Begin at the line containing "Lunch · Charbroiled" in the records below, end at the line containing "Floor Plan First", and retype each line in that span exactly. No other line and no image should appear.

### Records for processing
--*--

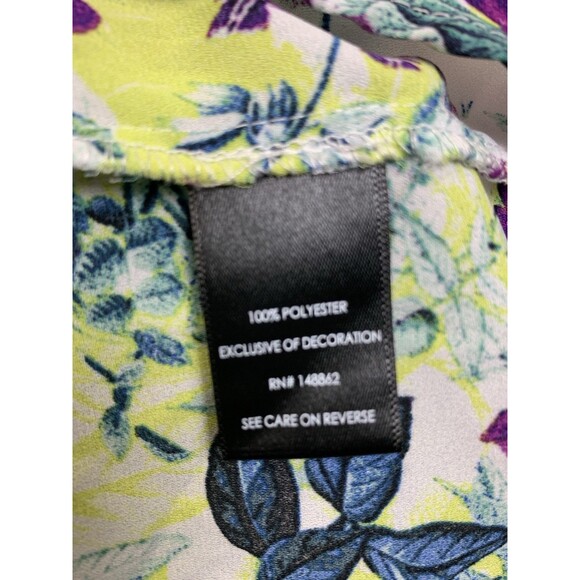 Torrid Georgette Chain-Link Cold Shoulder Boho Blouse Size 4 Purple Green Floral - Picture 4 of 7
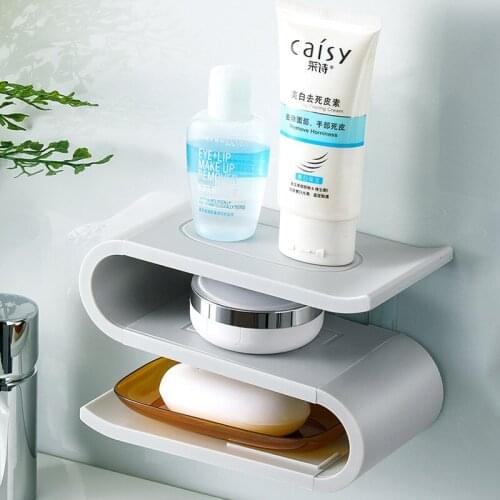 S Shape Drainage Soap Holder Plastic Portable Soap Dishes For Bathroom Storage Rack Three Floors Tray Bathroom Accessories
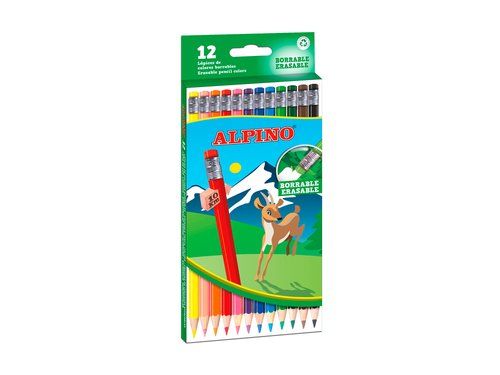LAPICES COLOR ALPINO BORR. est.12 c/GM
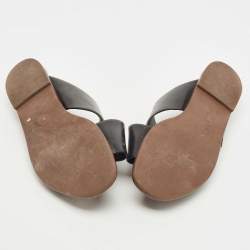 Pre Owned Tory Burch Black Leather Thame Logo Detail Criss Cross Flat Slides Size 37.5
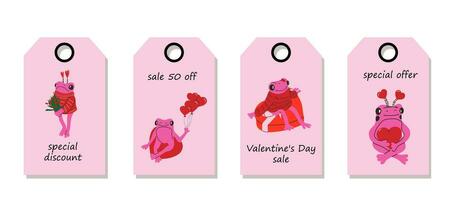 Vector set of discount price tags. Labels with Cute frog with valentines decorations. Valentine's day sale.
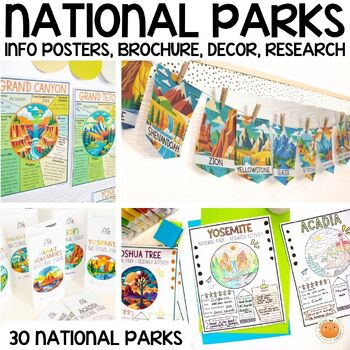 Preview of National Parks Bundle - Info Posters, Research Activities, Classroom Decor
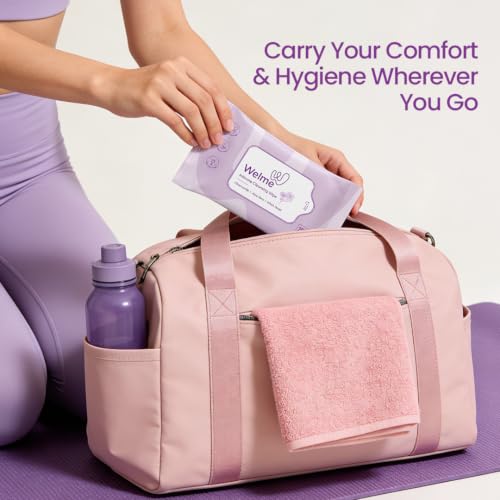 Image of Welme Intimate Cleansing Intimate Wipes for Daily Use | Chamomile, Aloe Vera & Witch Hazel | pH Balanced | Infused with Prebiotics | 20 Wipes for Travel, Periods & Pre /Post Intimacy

--*--

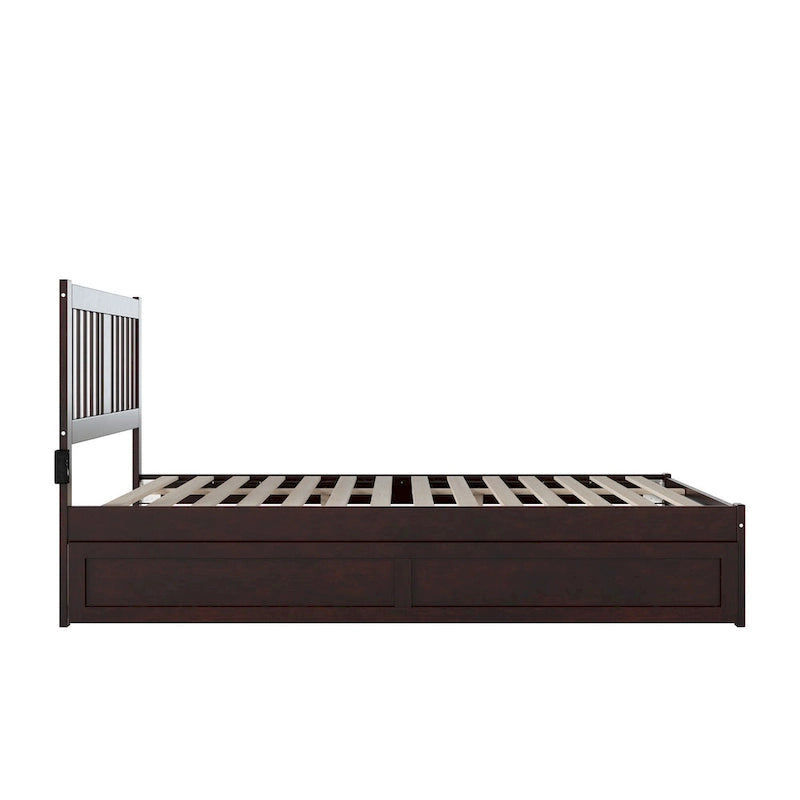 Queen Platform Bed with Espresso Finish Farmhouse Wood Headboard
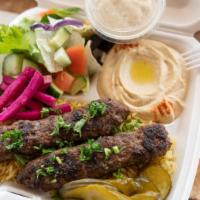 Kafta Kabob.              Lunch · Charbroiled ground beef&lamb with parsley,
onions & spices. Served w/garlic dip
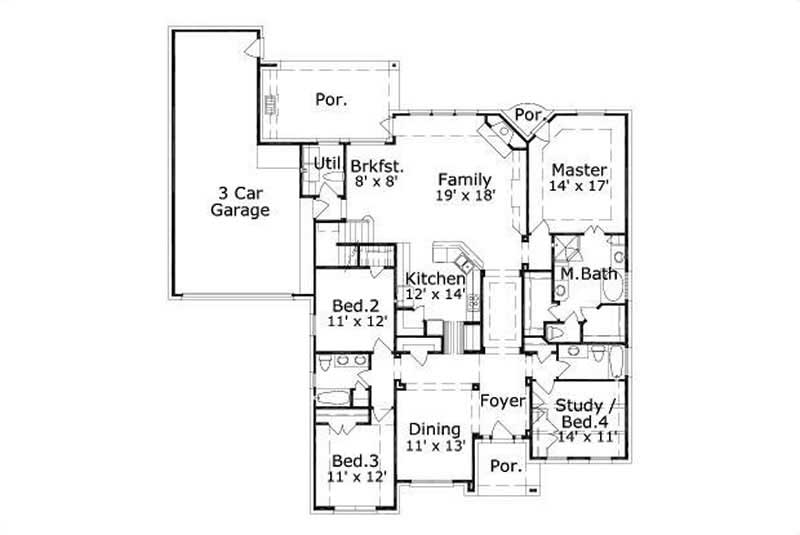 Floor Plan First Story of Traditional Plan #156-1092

--*--

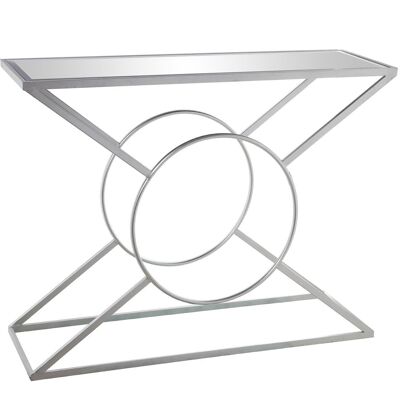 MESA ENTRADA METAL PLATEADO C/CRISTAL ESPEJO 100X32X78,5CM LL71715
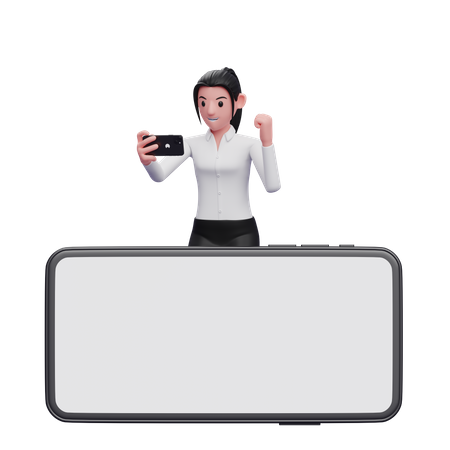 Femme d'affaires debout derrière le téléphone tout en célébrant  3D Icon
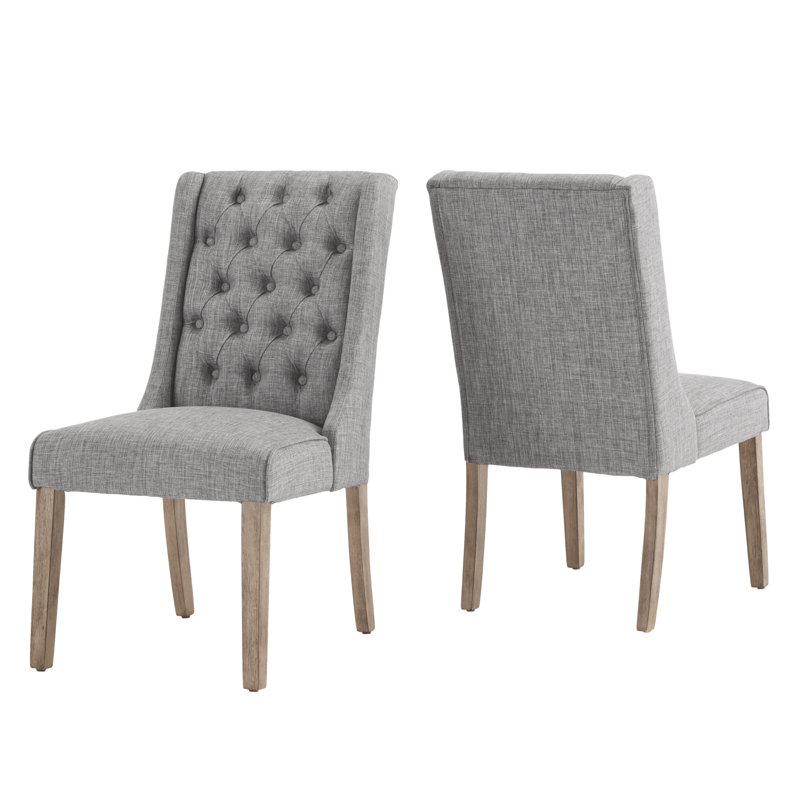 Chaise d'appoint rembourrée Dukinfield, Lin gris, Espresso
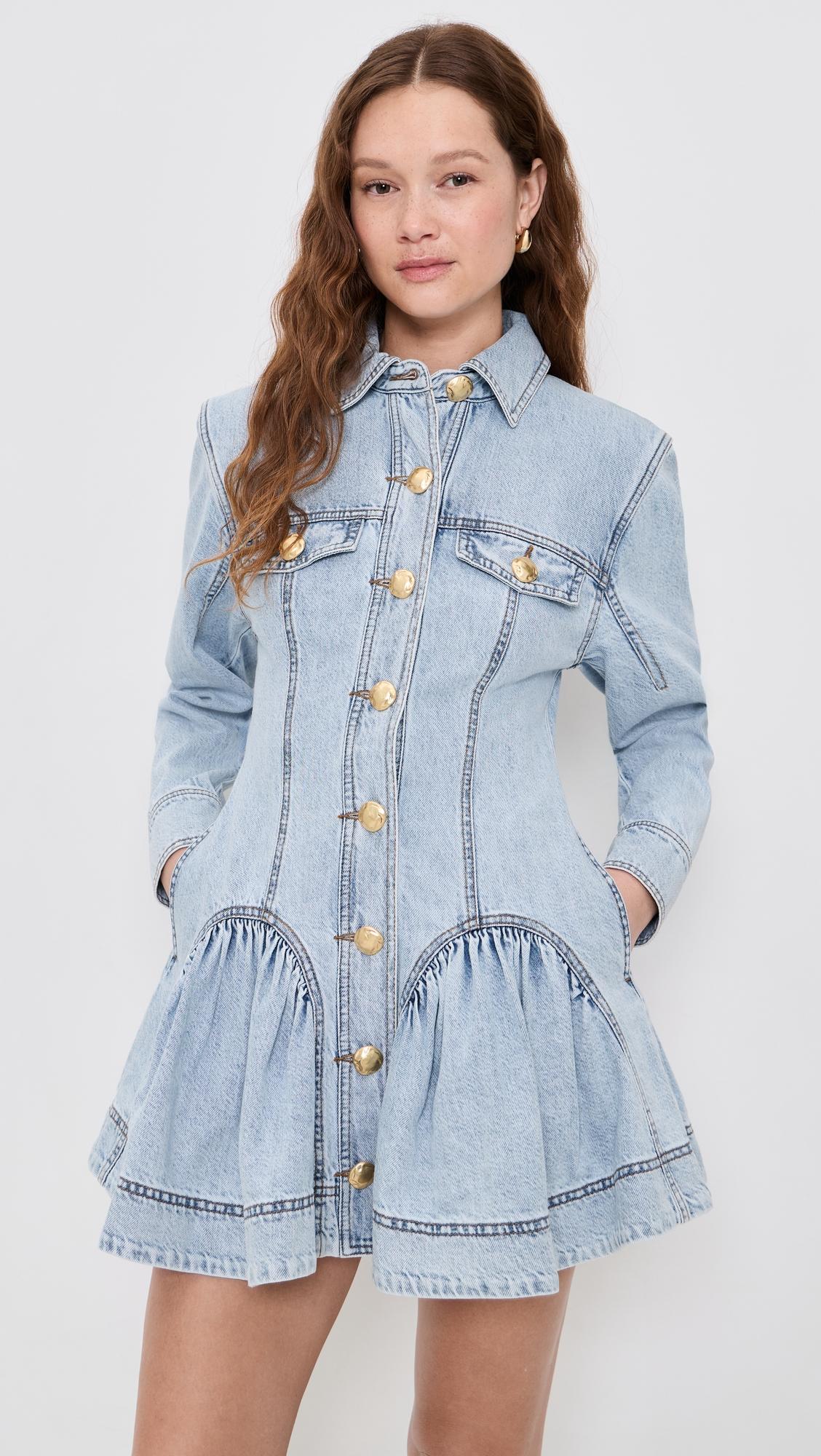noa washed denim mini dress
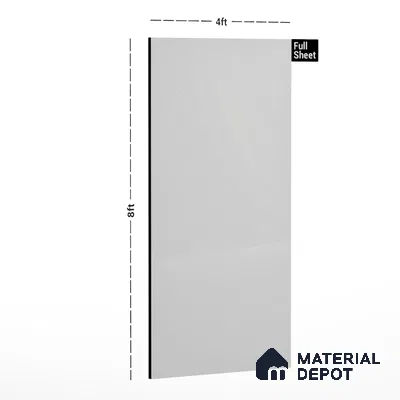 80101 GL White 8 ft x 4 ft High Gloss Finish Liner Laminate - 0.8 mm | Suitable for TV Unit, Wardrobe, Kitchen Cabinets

--*--

### Solution
 Kafta Kabob.              Lunch · Charbroiled ground beef&lamb with parsley,
onions & spices. Served w/garlic dip
 Floor Plan First Story of Traditional Plan #156-1092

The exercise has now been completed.